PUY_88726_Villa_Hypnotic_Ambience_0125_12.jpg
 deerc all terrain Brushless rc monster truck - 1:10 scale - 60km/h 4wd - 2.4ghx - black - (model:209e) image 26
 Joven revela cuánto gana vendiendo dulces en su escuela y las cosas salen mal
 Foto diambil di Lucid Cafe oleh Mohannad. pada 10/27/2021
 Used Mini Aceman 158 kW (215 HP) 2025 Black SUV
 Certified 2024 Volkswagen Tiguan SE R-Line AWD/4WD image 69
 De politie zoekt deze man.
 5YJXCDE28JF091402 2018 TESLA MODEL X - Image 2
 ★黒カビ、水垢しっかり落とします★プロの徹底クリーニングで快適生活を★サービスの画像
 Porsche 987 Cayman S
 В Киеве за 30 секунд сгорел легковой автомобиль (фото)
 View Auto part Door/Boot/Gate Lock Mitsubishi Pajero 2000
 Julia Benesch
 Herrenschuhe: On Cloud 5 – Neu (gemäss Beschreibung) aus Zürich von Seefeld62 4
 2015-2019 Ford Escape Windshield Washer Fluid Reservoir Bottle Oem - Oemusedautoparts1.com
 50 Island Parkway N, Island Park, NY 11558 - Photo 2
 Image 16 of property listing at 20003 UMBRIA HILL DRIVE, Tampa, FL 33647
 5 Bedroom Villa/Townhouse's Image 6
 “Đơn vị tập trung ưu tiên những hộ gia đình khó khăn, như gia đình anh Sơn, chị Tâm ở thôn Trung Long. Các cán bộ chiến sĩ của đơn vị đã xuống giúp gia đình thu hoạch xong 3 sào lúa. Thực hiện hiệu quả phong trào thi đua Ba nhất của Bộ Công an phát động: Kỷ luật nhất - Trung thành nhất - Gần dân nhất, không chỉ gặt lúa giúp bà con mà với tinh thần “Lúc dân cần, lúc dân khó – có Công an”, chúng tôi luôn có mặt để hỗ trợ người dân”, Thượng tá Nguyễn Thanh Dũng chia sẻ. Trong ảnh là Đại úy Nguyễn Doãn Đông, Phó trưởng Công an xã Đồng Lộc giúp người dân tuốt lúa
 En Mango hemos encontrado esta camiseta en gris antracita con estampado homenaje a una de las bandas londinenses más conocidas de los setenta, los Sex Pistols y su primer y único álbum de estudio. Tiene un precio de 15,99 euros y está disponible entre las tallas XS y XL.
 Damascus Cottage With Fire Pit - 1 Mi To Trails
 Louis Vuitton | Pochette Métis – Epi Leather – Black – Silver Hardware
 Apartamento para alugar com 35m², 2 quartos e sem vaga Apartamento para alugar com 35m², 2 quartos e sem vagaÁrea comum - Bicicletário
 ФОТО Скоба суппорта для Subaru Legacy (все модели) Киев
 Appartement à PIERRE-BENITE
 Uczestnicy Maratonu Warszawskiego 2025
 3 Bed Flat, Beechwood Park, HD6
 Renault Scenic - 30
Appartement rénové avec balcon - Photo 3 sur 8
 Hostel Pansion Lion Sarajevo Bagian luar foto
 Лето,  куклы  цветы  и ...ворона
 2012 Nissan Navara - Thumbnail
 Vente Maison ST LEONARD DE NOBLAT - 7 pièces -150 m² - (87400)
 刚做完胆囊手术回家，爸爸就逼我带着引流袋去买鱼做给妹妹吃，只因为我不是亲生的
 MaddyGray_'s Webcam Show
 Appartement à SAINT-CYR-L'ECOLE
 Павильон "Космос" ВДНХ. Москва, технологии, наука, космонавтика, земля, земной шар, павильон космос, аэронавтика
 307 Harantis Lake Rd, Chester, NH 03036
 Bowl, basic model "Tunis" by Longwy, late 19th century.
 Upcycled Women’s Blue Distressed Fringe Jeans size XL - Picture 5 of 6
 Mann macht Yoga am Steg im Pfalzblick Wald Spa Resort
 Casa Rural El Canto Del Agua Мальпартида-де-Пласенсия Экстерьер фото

++++++++++

» **What the task requires**: Begin at the line above that has "Foto diambil di" and stop after the line that has "5YJXCDE28JF091402 2018 TESLA", copying each line exactly and adding nothing else.

» **Solution to the problem**:
 Foto diambil di Lucid Cafe oleh Mohannad. pada 10/27/2021
 Used Mini Aceman 158 kW (215 HP) 2025 Black SUV
 Certified 2024 Volkswagen Tiguan SE R-Line AWD/4WD image 69
 De politie zoekt deze man.
 5YJXCDE28JF091402 2018 TESLA MODEL X - Image 2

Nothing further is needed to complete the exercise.